- Task objective -
Retype every line from the top of the entries down to the one with "2014 Club Car", both included, and skip the pictures.

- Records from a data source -
Start of Block
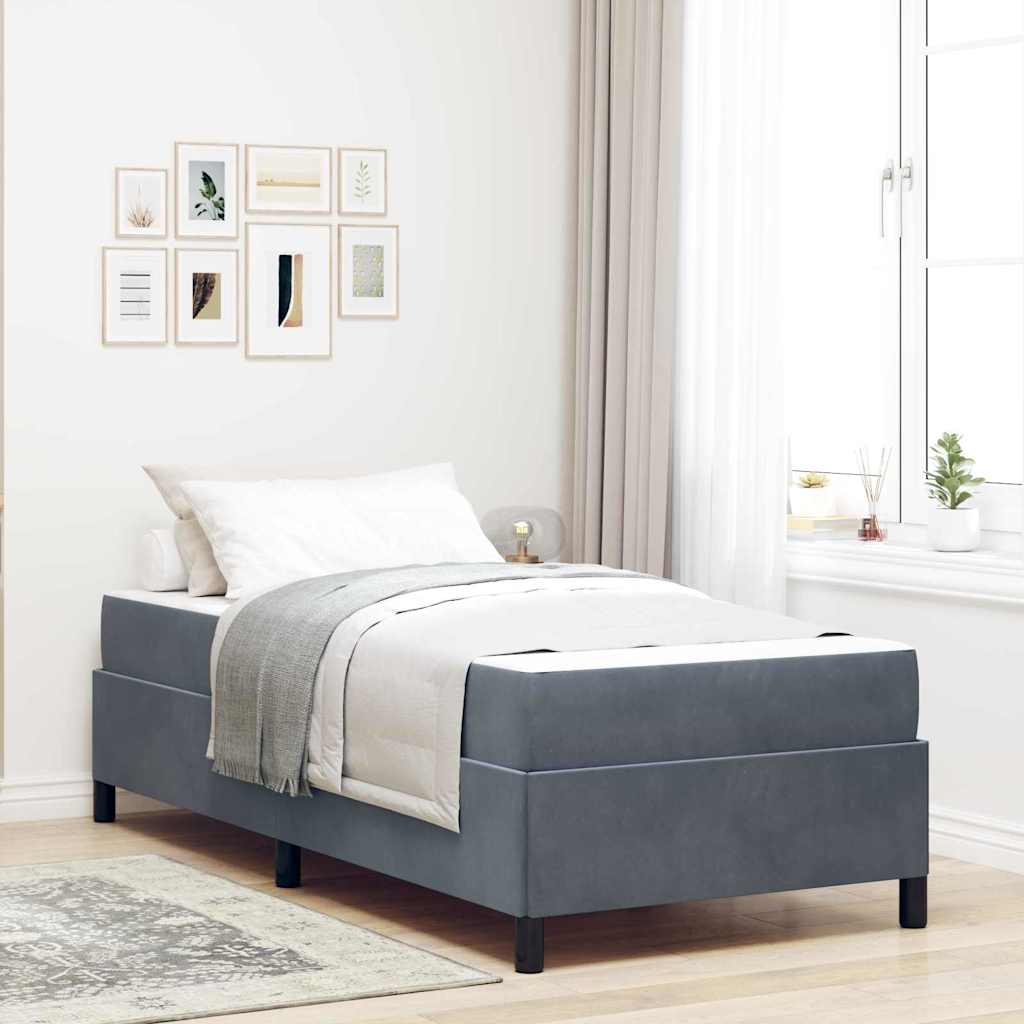 vidaXL Σκελετός Κρεβατιού Σκούρο Γκρι 90 x 190 cm ύφασμα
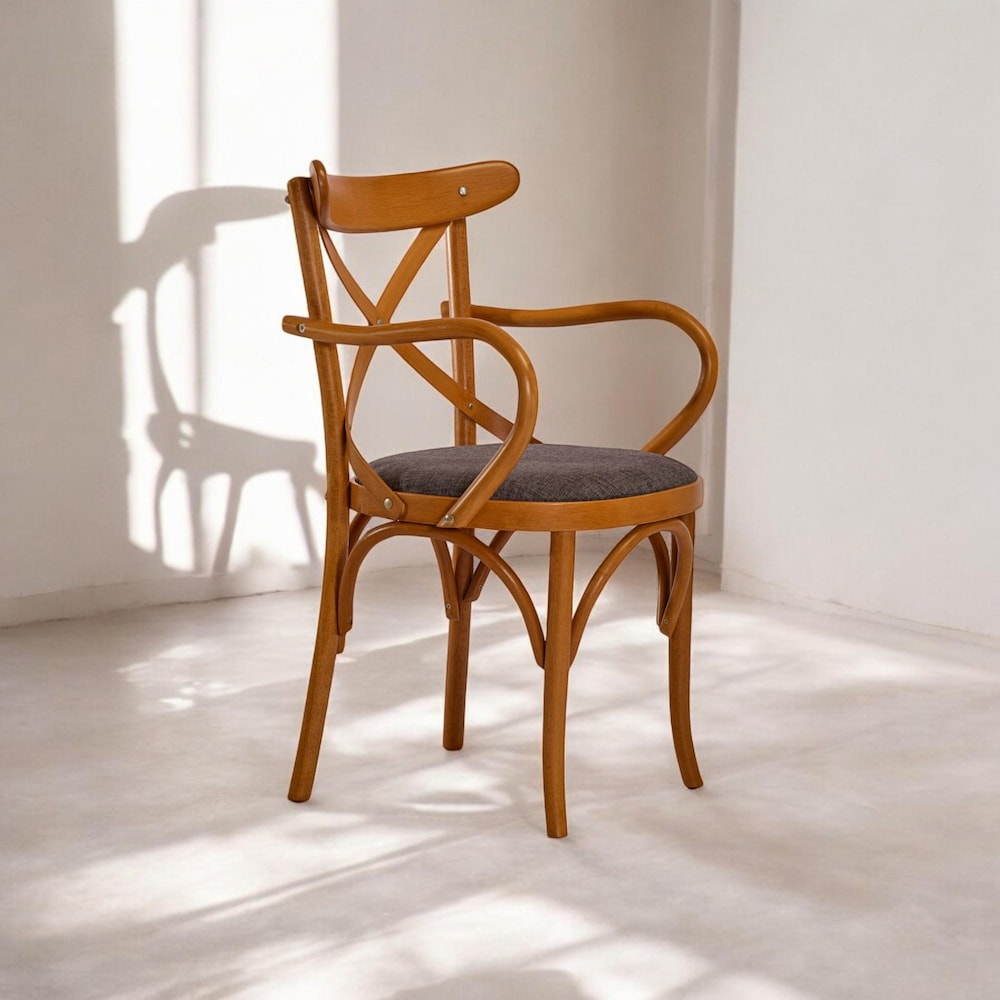 Wood Dining Chair with Wooden Arms, Modern Kitchen & Living Room Chairs, Stylish Comfortable Dining Table Seating - Image 5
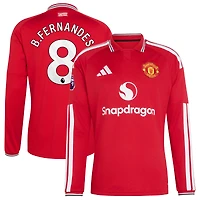 Men's adidas Bruno Fernandes Red Manchester United 2026/27 Home Authentic Long Sleeve Jersey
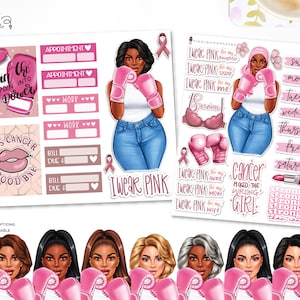 I Wear Pink In October 2.0 - Planner Sticker Kit | Diverse Options Offered | Support Stickers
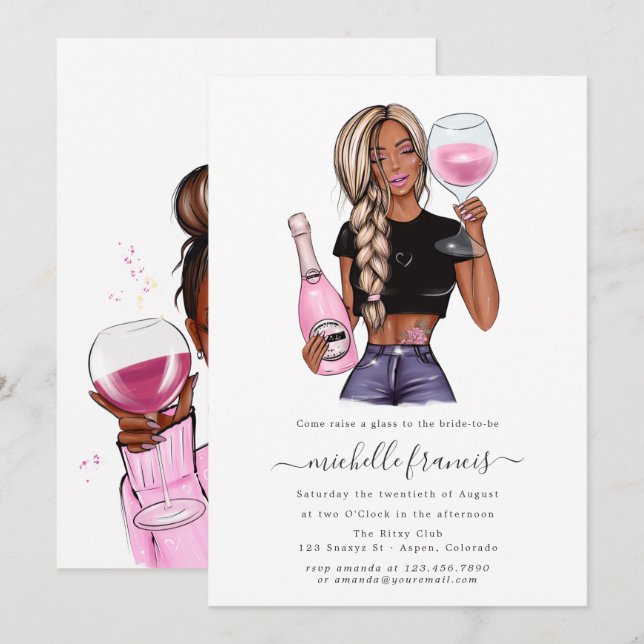 Invitation pour une dégustation de vin à la douche (Devant / Derrière)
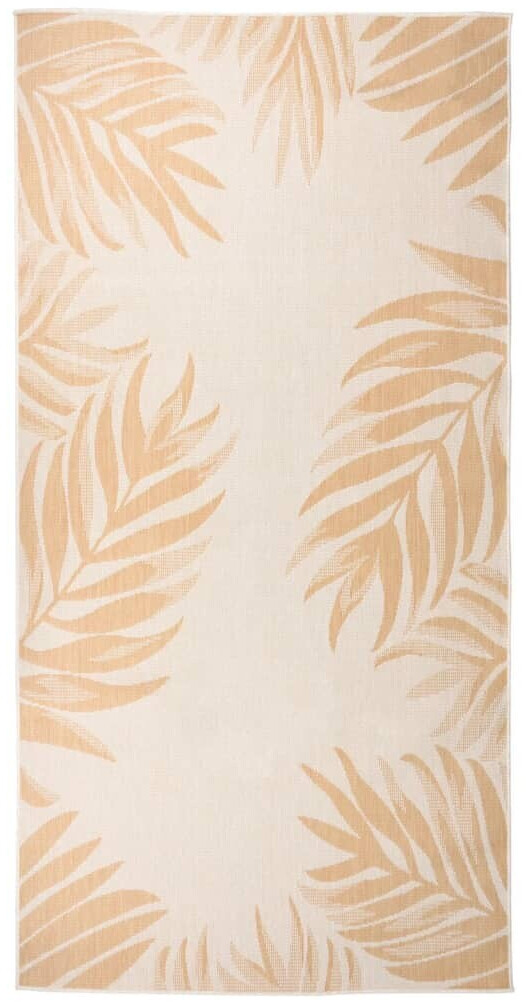 vidaXL Outdoor carpet flat weave 100x200 cm leaf pattern (340857)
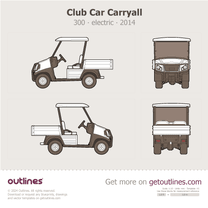 2014 Club Car Carryall 300 ∙ electric ∙ Utility vehicle ∙ UTV ∙ Golf utility cart Pickup Truck blueprint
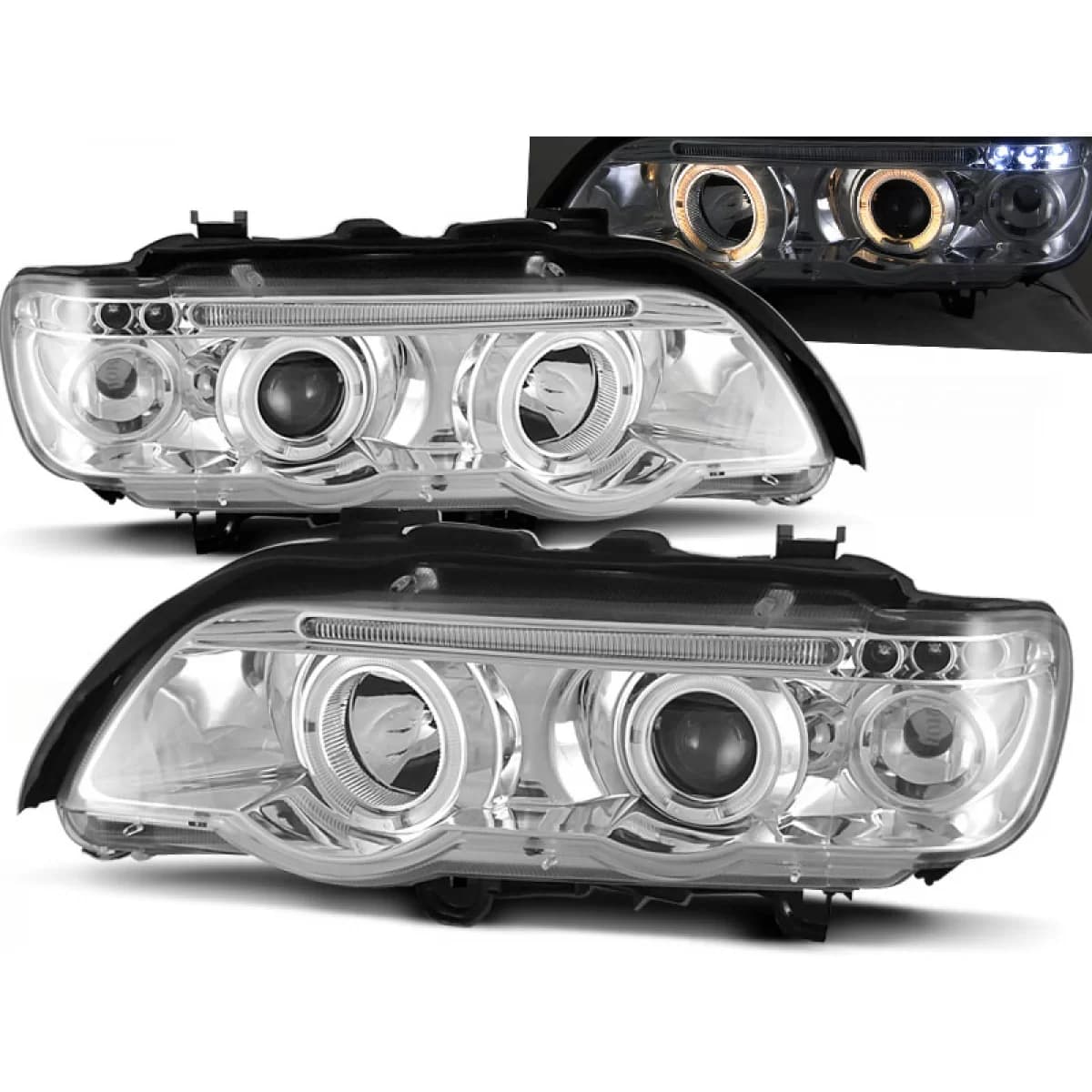HEADLIGHTS ANGEL EYES CHROME fits BMW X5 E53 09.99-10.03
End of Block
- Result of the exercise -
 vidaXL Σκελετός Κρεβατιού Σκούρο Γκρι 90 x 190 cm ύφασμα
 Wood Dining Chair with Wooden Arms, Modern Kitchen & Living Room Chairs, Stylish Comfortable Dining Table Seating - Image 5
 Men's adidas Bruno Fernandes Red Manchester United 2026/27 Home Authentic Long Sleeve Jersey
 I Wear Pink In October 2.0 - Planner Sticker Kit | Diverse Options Offered | Support Stickers
 Invitation pour une dégustation de vin à la douche (Devant / Derrière)
 vidaXL Outdoor carpet flat weave 100x200 cm leaf pattern (340857)
 2014 Club Car Carryall 300 ∙ electric ∙ Utility vehicle ∙ UTV ∙ Golf utility cart Pickup Truck blueprint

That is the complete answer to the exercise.